##### Exercise data #####

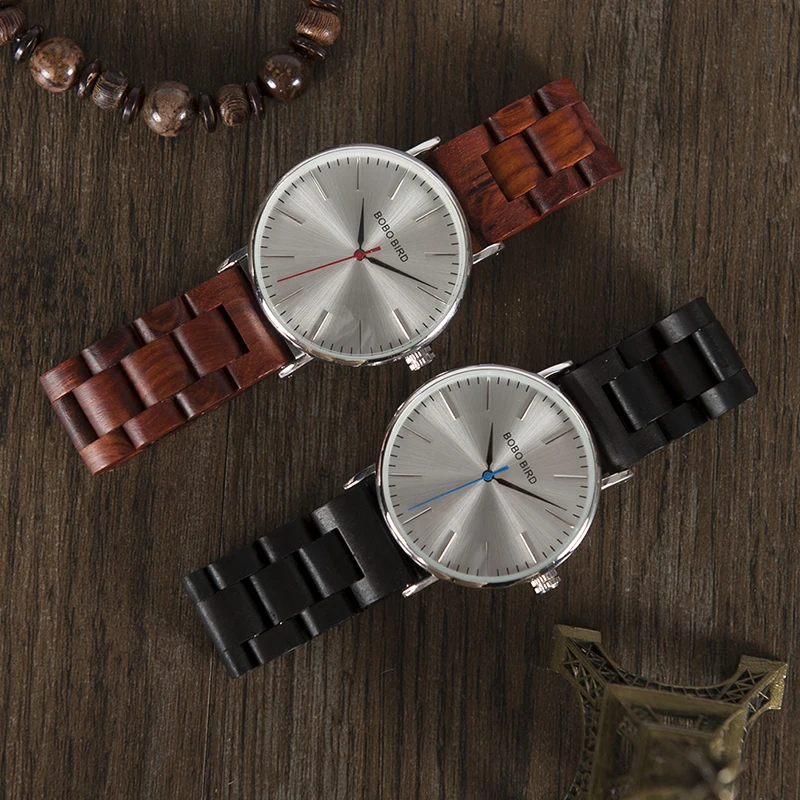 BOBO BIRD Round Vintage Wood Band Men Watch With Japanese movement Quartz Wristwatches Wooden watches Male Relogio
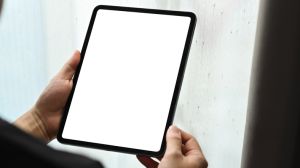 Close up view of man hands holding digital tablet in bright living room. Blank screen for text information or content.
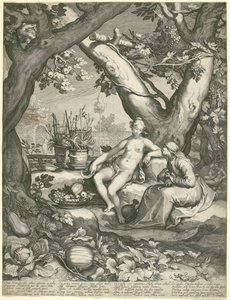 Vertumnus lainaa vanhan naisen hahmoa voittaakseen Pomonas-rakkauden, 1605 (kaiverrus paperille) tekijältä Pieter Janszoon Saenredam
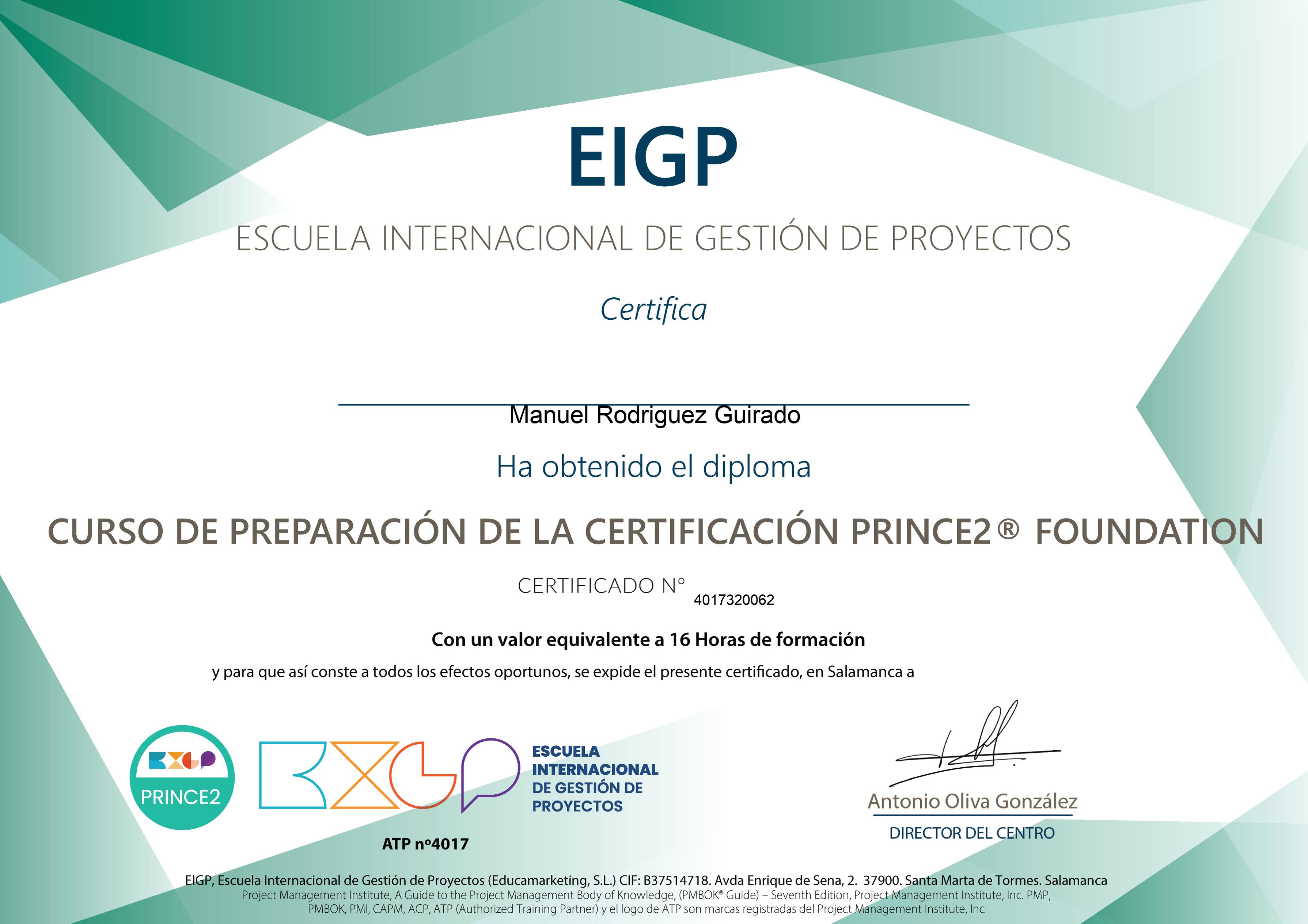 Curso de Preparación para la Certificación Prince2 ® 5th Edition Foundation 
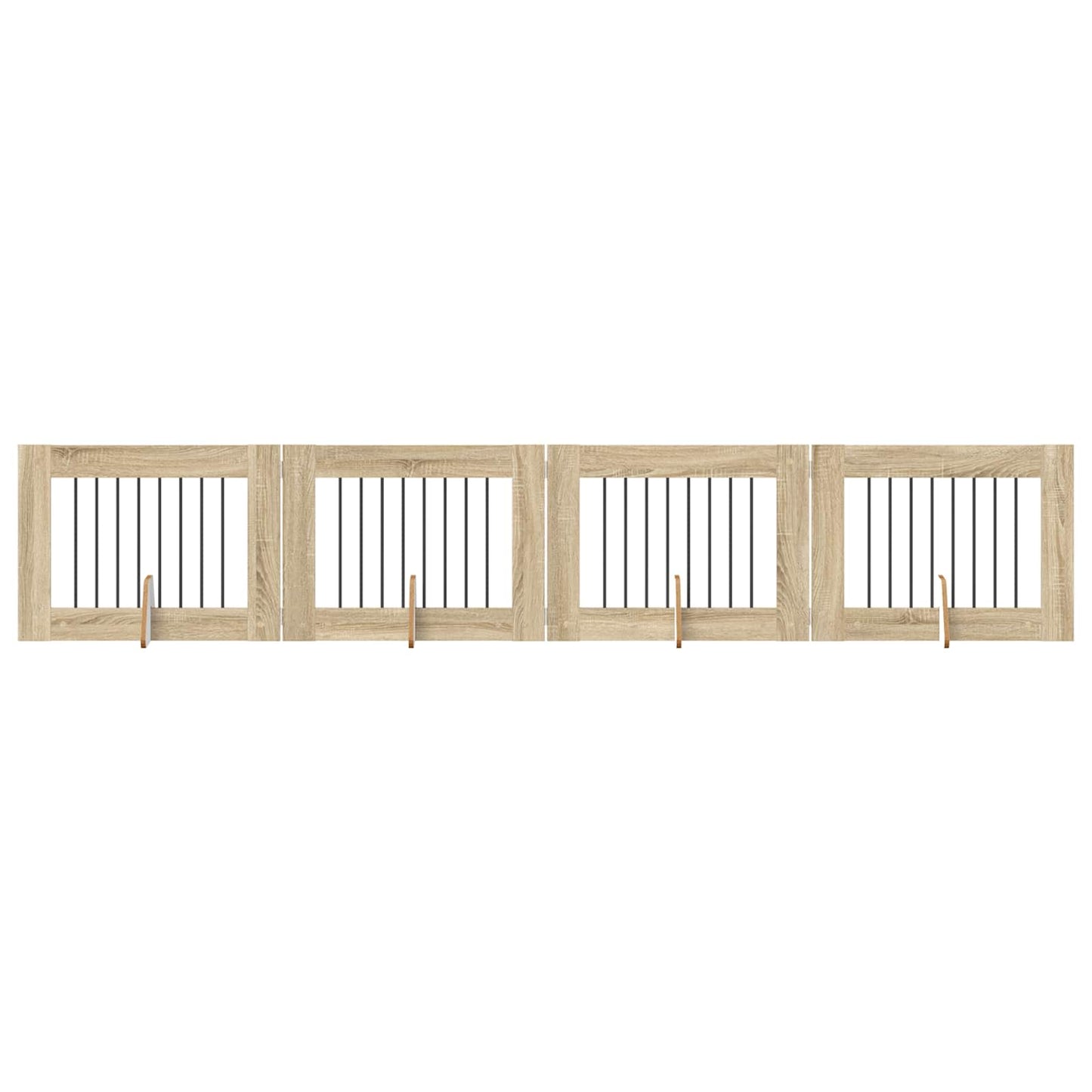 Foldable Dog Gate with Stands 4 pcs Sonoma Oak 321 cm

#####

## [Work order]
Write out the lines of the entries above exactly, beginning with the first and ending with the line that contains "Vertumnus lainaa vanhan". No picture goes in.

## [Solution to this problem]
 BOBO BIRD Round Vintage Wood Band Men Watch With Japanese movement Quartz Wristwatches Wooden watches Male Relogio
 Close up view of man hands holding digital tablet in bright living room. Blank screen for text information or content.
 Vertumnus lainaa vanhan naisen hahmoa voittaakseen Pomonas-rakkauden, 1605 (kaiverrus paperille) tekijältä Pieter Janszoon Saenredam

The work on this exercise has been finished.